Williams never lost that belief, the self-confidence that she still could compete at the highest level, the certainty that it made no sense to give up, to retire from the tour.
“The good part is, I always felt like I had the game. This is always a plus, when you know you have the game,” said Williams, who owns seven Grand Slam titles, including five at the All England Club, but none since 2008. “So you just have to keep working until things fall into place.”
At age 36, they have.
On Friday at Wimbledon, Williams will meet No. 4-seeded Angelique Kerber of Germany for a berth in the final. Kerber has won three of their previous five matchups.

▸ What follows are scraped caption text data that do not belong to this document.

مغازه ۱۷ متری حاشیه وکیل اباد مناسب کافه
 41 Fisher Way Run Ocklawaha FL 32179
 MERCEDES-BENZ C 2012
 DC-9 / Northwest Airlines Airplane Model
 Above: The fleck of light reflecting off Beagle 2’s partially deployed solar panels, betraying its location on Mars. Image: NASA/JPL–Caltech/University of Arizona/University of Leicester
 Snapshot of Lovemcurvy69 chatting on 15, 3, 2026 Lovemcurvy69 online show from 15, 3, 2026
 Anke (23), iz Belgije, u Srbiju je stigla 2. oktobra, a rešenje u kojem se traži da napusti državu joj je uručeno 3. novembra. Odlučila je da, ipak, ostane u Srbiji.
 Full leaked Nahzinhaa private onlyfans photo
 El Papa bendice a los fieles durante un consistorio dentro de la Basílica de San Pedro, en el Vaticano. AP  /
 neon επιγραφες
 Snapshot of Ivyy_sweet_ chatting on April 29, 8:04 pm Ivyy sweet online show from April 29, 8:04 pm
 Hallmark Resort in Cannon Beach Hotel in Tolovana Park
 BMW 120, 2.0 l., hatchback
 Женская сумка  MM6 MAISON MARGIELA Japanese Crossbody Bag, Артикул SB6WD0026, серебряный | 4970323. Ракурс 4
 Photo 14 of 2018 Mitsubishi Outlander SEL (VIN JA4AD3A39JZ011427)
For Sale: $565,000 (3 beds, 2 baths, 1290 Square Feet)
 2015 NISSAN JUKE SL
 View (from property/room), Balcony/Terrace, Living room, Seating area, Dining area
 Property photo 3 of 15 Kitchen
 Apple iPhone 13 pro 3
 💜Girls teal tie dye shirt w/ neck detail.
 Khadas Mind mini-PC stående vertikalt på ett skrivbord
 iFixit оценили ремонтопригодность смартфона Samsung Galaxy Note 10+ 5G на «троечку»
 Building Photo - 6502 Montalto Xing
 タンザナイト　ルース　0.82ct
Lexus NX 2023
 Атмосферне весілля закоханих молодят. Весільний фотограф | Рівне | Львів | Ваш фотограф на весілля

The American is the oldest woman to participate in a major semifinal since Martina Navratilova did it at Wimbledon in 1994 at age 37.
“It’s nice to see, because she puts in the work,” said David Witt, Williams’ coach. “She hasn’t been back, but not because of her play. Any given tournament, she’s capable of beating anybody in the tournament. It’s just a matter of winning six, seven matches in a row and keeping your level of play at a high level.”
Someone who knows all about that is Williams’ younger sister, No. 1-seeded Serena, who faces 50th-ranked Elena Vesnina in Friday’s other semifinal. If Vesnina — who has never so much as taken a set off Serena in five previous meetings — were to pull off the upset, she would be the first unseeded woman to reach the Wimbledon final in the Open era, which began in 1968.
The 29-year-old Russian had never been past the fourth round at a major before this week.
Serena, meanwhile, is bidding for her seventh Wimbledon championship and, of even more significance, her 22nd Grand Slam trophy overall, which would equal Steffi Graf for the most in the Open era (Margaret Court holds the all-time mark of 24).
Serena has come close to drawing even with Graf before: At the U.S. Open last September, she lost to Roberta Vinci in the semifinals while aiming for a calendar-year Grand Slam; at the Australian Open in January, she lost to Kerber in the final; at the French Open in June, she lost to Garbine Muguruza in the final.
Way back in 1999, the Williams sisters both reached the semifinals of the U.S. Open. Now here they are, almost 17 full years later, both in the semifinals of a Grand Slam tournament for the 11th time. On all 10 previous occasions, one or the other took home the trophy.
If both win Thursday, they would play each other on Saturday in what would be the siblings’ ninth meeting in a Grand Slam final and fifth at Wimbledon.
For Serena, it would mean she’s participated in the last three major title matches, seven of the past eight.
For Venus, it would be her first Grand Slam final since 2009, when she lost at Wimbledon to—guess who?—Serena.
“With everything she’s been through, I think it’s built a ton of character in her,” Serena said, “and in me, just by being around her.”